Hello PCSX2 followers,
It's been a while since the last developer blog entry. I would like to resume this old tradition.
I will present you a mini series on the MMU (memory management unit) and virtual memory. Jake and ZeroFrog already wrote some posts relating to this topic:
This time, I will explain the goal of MMU and why it is mandatory for modern systems. The MMU is a cornerstone for stability and security. I will also explain why it could be costly for the performance on the native system.
On the next article, I will present you the PS2 address space and how the MMU is really used.
Let's begin with the root, the Operating System (OS). Hardware can run without any OS but it is often a necessary evil. The OS has 2 major goals:
1/ The first goal of the OS is to control privilege access of processes. Maybe you want to keep a resource for the hardware or OS internal, for example a hardware watchdog. Maybe you only want to check the validity of a command. It could be as simple as only allowing a stop command after a start command.
Let's see a basic example: starting some hardware counters
As you can see, without any OS you could easily kill your system. The OS allows the separation of privileged and standard resources.
2/ The second goal is to share the resources between processes You need to understand that processes are independent for coding simplicity and security. Let's reuse our hardware counter example
This time we want to start the same counter from two different threads. Unfortunately process 1 will be corrupted by process 2. It's pretty bad, process 1 will likely crash. Again the OS is the solution. It replaces the corruption with an error that can be handled by the process.
Concluding this mini presentation, the OS is the gatekeeper of the hardware. The OS is a real god but be aware "with great power, comes great responsibility". System stability depends on the quality of the OS. On the contrary the process is isolated. A bad process will die alone, yes life is tough.
Now let's talk about virtualization. In our 2nd example, the OS throws an error because the counter is already used by another process. However our system can support several counters, it is a shame to wait for the first counter to be available. The process wants to start a counter, it doesn't care which one. So it might be possible to handle this situation better. The solution is virtualization.
Here's the idea, let's create a pool of virtual counters by process and then the OS will remap them to a real physical counter. As a bonus, we don't need to limit the number of counters based on the hardware. You can have 10 virtual counters for only 2 physical counters.
Let's redo the previous example with a virtualization layer in the OS.

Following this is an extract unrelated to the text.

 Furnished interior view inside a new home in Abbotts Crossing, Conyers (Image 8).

As a side note, virtualization is a common solution for resource management. On the internet you have a logical IP address instead of using the Mac address directly. HDD access can be virtualized too with a tool like LVM http://en.wikipedia.org/wiki/Logical_Volume_Manager_%28Linux%29 . Sometimes the whole machine is virtual, see VirtualBox or even PCSX2.
The hardware counter was an example but the subject of the blog is the MMU so let's get back to virtual memory. And yes you got it right, virtual memory is the same concept as we discussed earlier. The process will access virtual memory. The OS will translate it to the physical address.
I said that the OS will remap the virtual memory to physical memory but that is not exactly correct. Memory access is very common in a process, let's say every 2 or 5 instructions. Imagine if the kernel did a lookup of the physical address every 4 instructions, it would be slow as hell. Actually it is even worse because the program counter (PC) is also a virtual address. Software is deemed to be slow, it needs to be hardware accelerated.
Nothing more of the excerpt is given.